Interstellar – the Drama

Interstellar: I – The Drama

by

Howard Adelman

Nancy and I along with our son and daughter-in-law, Daniel and Jessica, went to see a film that I thought was called Intergalactica, but soon discovered was called Interstellar. My mind, and often my mouth and even my fingers, for some reason, known or unknown, often does that – transposes one word or phrase for another. One example – always guaranteed to split the sides of my wife, Nancy, and my two young children – is the substitution of the name of candies called “Jolly Ranchers” with the name “Jolly Rangers”. When I first typed the substitution, I even reversed the names, writing that I substituted the correct name, “Jolly Rangers”, for the name “Jolly Ranchers”. I only caught the error in editing. Jolly Ranchers were favourite candies of Daniel and Gabriel when they were young. I always seemed to call that candy by the wrong name. The mental reason for that substitution is unknown to me until this day.

As another example, I almost always say “loan” when I mean “borrow”. I know the right term in my mind, but there is a disconnect between my brain and my mouth. Almost everyone does this a few times because of a memory synapse error, but for some of us, it is a chronic condition. For others, the condition is acute. The phonological system involved in speech output in the language-dominant hemisphere is impaired. It is one major reason why I almost never read a talk. For almost inevitably one word or phrase will be substituted by another, in spite of the script before my eyes, to produce an unintended joke and unwelcomed laughter. When this occurs in a seemingly extemporaneous speech, it is barely noticed.

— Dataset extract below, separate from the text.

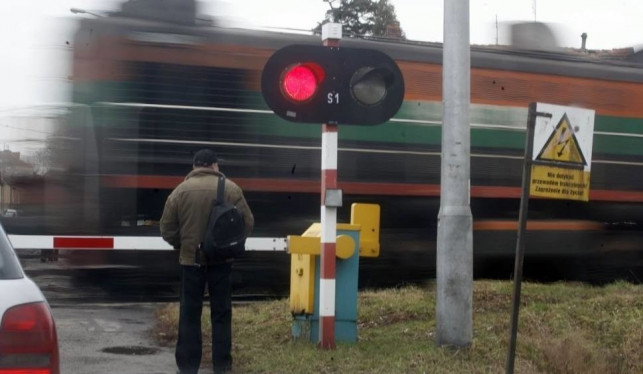 Kierowcy uważajcie! PKP zamontuje fotoradary - Zdjęcie główne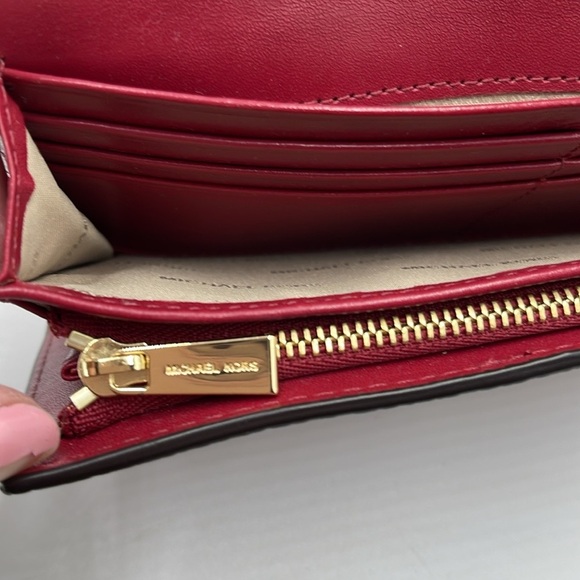 Michael Kors Sullivan large carry All wallet - Picture 7 of 8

I do not know the physiological explanation for my condition, but I think I have a rational explanation for why I called the film Interstellar by the name “Intergalactica”. The name “Interstellar” never made sense to my rational and scientific mind, so my brain independently performed a transposition. After all, interstellar means travel between stars. From the little I had heard about the movie, the space travel was from the planet earth in one solar system to another life sustaining planet in another galaxy. The movie was about travel between galaxies using a wormhole in the space/time continuum. In any case, why would humans seeking an alternate livable planet want to travel from one sun to another? Perhaps to a planet in a very different solar system. But everyone knows, or do we, that this is impossible – even in science fiction. Intergalactic travel, believe it or not, is a far more realistic scenario which the imagination of the movie makers literally bend to their advantage.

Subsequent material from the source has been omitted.